**Exercise:** Exactly the lines below from the line with "Box de transport" through the line with "Aerial photo of" must make up the answer, both ends included and pictures left out.

**Input material:**
________________

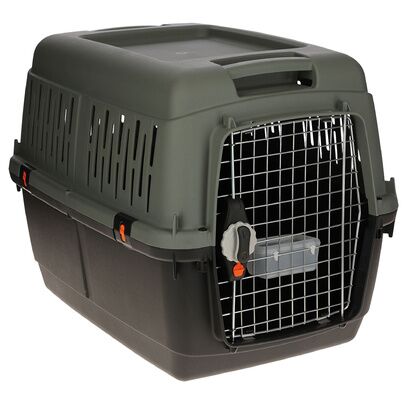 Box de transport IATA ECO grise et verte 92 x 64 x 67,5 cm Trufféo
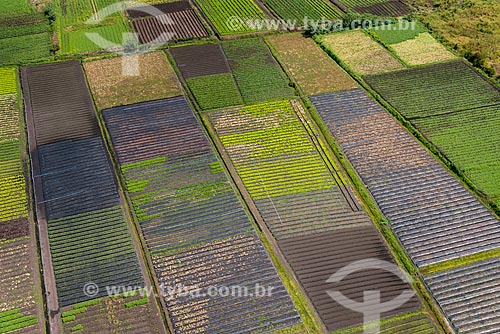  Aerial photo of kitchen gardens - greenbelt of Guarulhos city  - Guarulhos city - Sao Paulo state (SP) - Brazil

________________

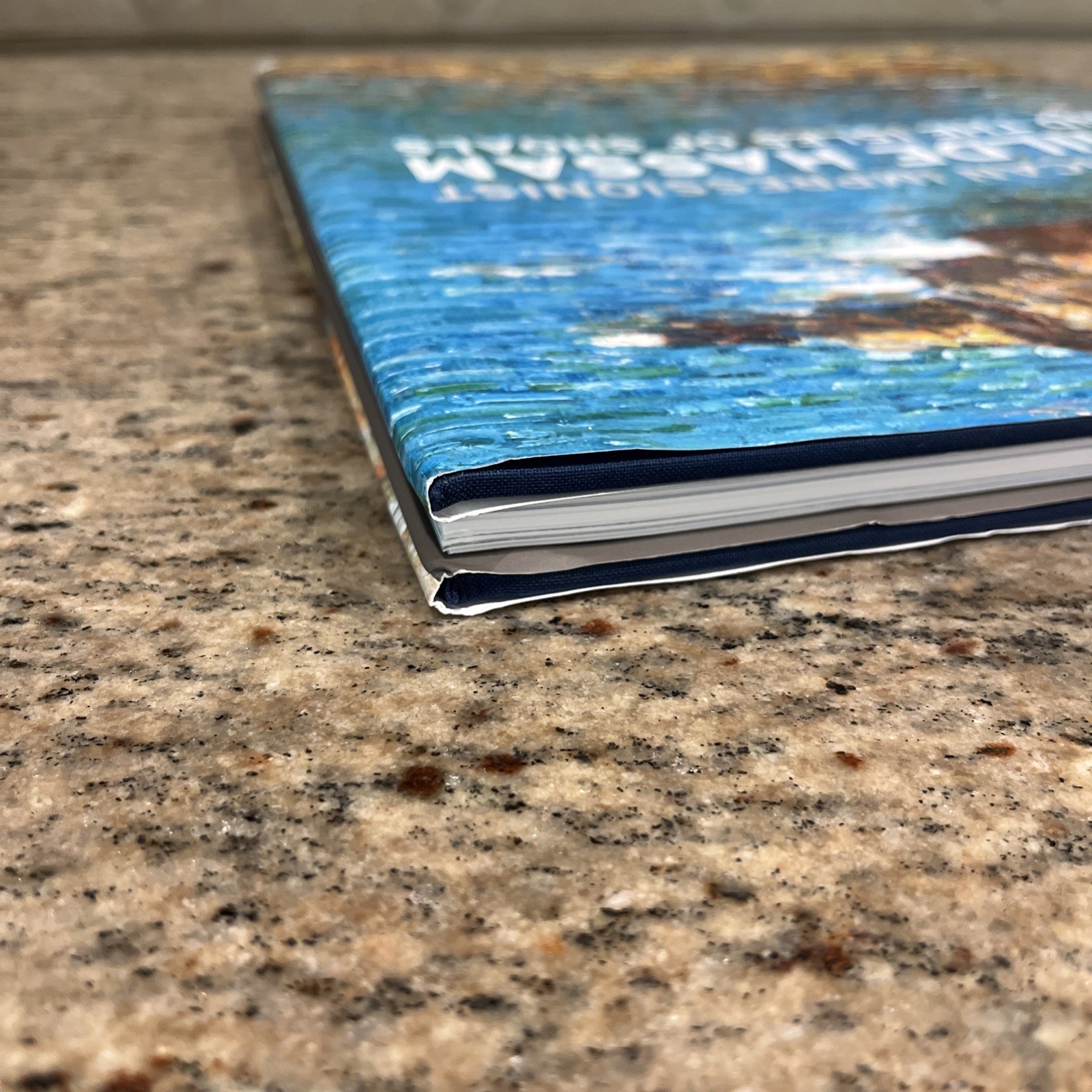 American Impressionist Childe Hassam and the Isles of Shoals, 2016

________________

**Response:**
 Box de transport IATA ECO grise et verte 92 x 64 x 67,5 cm Trufféo
  Aerial photo of kitchen gardens - greenbelt of Guarulhos city  - Guarulhos city - Sao Paulo state (SP) - Brazil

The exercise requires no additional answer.